Central Vermont Public Service Corp
- Company type: Public
- Traded as: NYSE: CV
- Industry: Utilities
- Founded: 1929
- Defunct: 2012
- Fate: Acquired by Gaz Métro; folded into Green Mountain Power
- Headquarters: 77 Grove Street, Rutland, Vermont, United States
- Area served: Vermont
- Services: electric utilities;

= Central Vermont Public Service =

American electricy utility company

Central Vermont Public Service Corp. (CVPS) was the largest electricity supplier in Vermont. Its customer base covered 160,000 people in 163 towns, villages and cities in Vermont. The company generated revenue mainly though purchased electricity through its subsidiaries including C.V. Realty, Inc., East Barnet Hydroelectric, Inc., and Catamount Resources Corp.

==History==
In 1929, the company was founded by combining eight Vermont electric companies. The creator was Samuel Insull. The company was among the first companies to successfully use wind to generate electricity and organized Yankee Atomic Electric Company to make a trial in atomic power.

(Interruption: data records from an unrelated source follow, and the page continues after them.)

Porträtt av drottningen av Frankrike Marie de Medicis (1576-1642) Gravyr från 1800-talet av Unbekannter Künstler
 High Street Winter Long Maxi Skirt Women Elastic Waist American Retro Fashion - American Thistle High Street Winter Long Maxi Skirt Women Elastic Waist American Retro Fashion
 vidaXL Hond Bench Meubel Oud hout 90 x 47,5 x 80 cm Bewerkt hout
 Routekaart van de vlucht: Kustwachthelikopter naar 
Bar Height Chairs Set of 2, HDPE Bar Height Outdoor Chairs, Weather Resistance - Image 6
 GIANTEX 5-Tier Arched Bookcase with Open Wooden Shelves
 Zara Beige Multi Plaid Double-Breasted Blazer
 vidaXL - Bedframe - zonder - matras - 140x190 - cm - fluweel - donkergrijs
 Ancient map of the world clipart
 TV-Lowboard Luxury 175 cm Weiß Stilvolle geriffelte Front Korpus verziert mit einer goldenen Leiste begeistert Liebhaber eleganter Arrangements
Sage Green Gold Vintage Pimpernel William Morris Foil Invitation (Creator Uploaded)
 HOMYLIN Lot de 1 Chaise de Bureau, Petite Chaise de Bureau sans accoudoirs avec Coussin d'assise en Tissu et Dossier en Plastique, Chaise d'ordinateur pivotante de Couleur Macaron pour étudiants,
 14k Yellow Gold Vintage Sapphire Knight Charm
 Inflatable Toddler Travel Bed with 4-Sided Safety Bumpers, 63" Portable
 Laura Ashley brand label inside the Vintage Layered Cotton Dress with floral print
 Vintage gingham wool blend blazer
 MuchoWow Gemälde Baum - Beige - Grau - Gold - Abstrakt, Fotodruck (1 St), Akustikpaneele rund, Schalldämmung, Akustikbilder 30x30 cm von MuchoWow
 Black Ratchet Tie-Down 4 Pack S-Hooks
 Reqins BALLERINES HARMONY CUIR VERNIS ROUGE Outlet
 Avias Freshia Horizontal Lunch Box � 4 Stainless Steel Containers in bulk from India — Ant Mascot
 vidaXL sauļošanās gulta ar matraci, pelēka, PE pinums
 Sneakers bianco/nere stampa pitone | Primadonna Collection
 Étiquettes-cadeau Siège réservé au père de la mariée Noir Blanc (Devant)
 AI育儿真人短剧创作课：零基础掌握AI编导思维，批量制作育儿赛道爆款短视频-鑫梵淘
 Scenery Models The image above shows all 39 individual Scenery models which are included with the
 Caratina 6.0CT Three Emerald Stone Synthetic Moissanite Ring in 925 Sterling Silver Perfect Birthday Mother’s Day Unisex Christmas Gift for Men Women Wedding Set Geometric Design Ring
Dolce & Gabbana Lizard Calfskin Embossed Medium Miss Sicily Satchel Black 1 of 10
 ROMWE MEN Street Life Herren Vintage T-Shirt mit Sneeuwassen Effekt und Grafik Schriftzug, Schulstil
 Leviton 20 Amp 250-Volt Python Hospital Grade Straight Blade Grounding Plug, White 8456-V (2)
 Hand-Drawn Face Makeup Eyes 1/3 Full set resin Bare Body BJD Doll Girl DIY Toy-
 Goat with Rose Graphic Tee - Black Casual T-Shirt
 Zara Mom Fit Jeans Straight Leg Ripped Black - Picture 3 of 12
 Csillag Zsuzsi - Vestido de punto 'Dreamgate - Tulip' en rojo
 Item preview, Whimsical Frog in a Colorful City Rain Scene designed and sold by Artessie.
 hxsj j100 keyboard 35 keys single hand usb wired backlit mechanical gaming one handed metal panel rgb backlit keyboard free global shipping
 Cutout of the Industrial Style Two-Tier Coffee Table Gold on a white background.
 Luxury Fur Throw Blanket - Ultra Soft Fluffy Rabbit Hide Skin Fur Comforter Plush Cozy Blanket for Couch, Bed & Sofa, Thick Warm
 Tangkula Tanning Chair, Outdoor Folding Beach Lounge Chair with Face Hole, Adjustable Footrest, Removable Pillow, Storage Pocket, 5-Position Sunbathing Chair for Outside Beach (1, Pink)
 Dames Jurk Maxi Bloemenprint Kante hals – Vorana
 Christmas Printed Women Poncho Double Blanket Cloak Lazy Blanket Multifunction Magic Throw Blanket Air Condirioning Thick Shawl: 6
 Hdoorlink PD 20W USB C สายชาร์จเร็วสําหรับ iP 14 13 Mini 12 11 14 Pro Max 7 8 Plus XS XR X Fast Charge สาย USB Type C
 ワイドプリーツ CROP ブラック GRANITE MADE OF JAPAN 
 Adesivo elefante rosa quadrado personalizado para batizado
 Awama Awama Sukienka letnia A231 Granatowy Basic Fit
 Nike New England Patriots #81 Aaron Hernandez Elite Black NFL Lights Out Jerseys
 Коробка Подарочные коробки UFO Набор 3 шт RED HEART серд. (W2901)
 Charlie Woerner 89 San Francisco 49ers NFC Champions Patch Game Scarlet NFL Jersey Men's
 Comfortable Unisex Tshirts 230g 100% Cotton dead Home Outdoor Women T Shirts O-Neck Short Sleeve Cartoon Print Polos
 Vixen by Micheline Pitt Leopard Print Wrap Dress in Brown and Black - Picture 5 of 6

In 1990s and 2000s, CVPS struggled to maintain profitability and was acquired by Quebec's Gaz Métro on June 27, 2012, merging into its Green Mountain Power subsidiary through Gaz Métro's American operations, Northern New England Energy Corporation. Gaz Métro purchased CVPS for $472 million, outbidding another Canadian company who sought CVPS, Fortis Inc.